バイクカスタムの第一歩と言えば、マフラー交換を連想する人は多いでしょう。実際供給メーカーの数も、マフラー関連がいちばん多いような気がします。

もっとも交換作業を自宅でやるにしても、マフラーの脱着自体は特に難しい作業ってわけでもないし、わざわざ項目を立てるほどでもないなァと思っていましたが、今回エキパイのネジ穴の開け直しをやった時、ついでに写真もいろいろ撮りましたので、参考までに書いてみます。


必要なもの

新品のガスケット
排気漏れを防ぐためにエキパイとエンジンの間にはさまっているリング状のガスケット。4個で1,000円前後。マフラーの脱着毎に新品交換するのが基本ですが、場合によっては再利用も可能。
耐熱グリス
ボルトの焼き付き防止のための耐熱グリスがあるといいです。ヘッドは高熱になるのでその辺で売っている普通のグリスではダメ。WAKO'Sのスレッドコンパウンド(THREAD COMPOUND)やPermatexのアンチ・シーズ(ANTI-SEIZE)が有名。
六角レンチ(5ミリ、6ミリ)
5ミリはエキパイ側のキャップボルト用、6ミリはサイレンサー固定ボルト用。
メガネレンチ(12ミリ)
サイレンサー固定ボルトを留めているロックナット用。
ボックスレンチ(10ミリ)
場合によってはラジエータの固定を外してやった方がラクです。
その他
軍手や掃除用ブラシなど。エキパイ内部のスス落とし用に古いチェーンがあると便利です。ススが飛び散るので出来ればマスクも。

マフラーの取り外し

サイレンサー側はナットのみを外す エキパイ側ボルト8個を外し 抱きかかえるように降ろす

まずサイレンサー部分の固定ボルトに裏側から入っているロックナットを外しておきます。ただしボルトはそのまま抜かずにおきます。
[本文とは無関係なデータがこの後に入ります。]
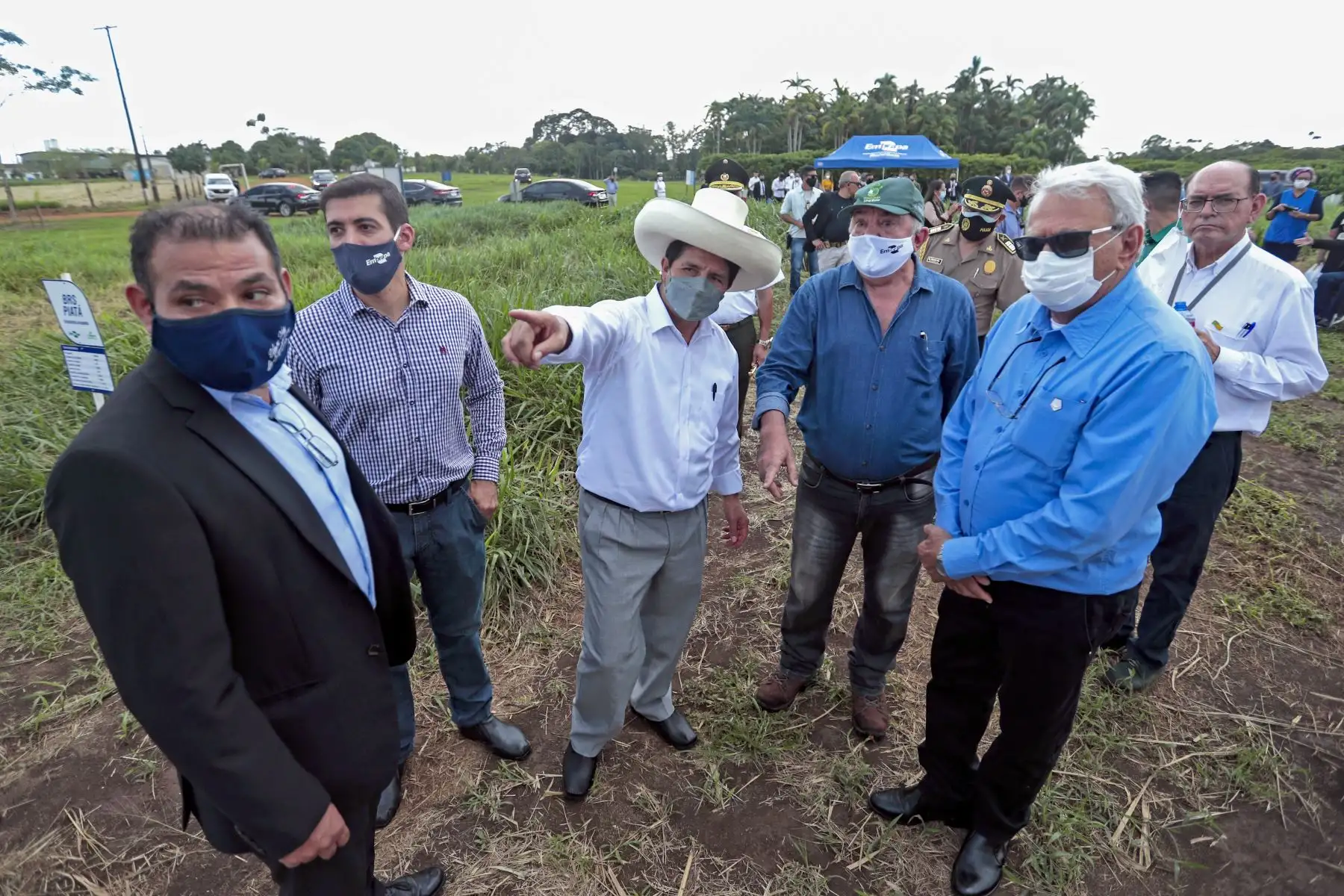 Como parte de su visita a la ciudad de Porto Velho en Brasil el mandatario peruano, Pedro Castillo, quien estuvo acompañado por la primera dama Lilia Paredes, realizó un recorrido por el Centro de Investigaciones Agroforestales (EMBRAPA), cuya experiencia suma a la política de Segunda Reforma Agraria que impulsa su gobierno en el Perú. Foto: ANDINA/Presidencia Perú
次にエキパイ側のひし形ホルダーを留めている8本のキャップボルトを抜き、フリーにします。1番シリンダー(つまり車体左側)から抜いていった方が作業上ラクです。

そして4番まで外し終わったら、マフラーの下に足を入れて支えるような体勢をとり、左手でサイレンサー固定ボルトを抜きます。あとはマフラー全体を抱きかかえつつ、エキパイ側の引っかかりをくぐらせるようにして、降ろします。最初にサイレンサー側のナットだけを抜いておく理由は、エキパイ側を先に4ヶ所ともバラした後でサイレンサーの固定を解くと、突っ張っていた支えが一気に抜けて、エキパイ側がいきなり落っこちる場合があるからです。

聞くところによると、エキパイ側のボルトを抜くときはエンジン停止直後でまだエンジンが熱いうちに、手袋をしてヤケドしないよう手際よく回すのがコツなんだそうです。つまりエンジンが熱い状態ではヘッドのブロックも微妙に膨張しているので、冷えている時よりもボルトの固着が起きにくくなるというわけです。

ガスケット 新旧の比較 4つとも交換

エキパイとエンジンの間にはさまっているリング状のガスケットは脱着毎に新品交換するのが基本。これはガスケット自体が潰れる事によって密着度を高め、排気の漏れを阻止するようになっているので、すでに潰れているガスケットではその効果が期待出来ないからですが、この写真(右の黒い方が使用済み)のように全面が一様に潰れるわけではないので、裏返して当たり面を変えれば1回くらいなら再利用出来たりします。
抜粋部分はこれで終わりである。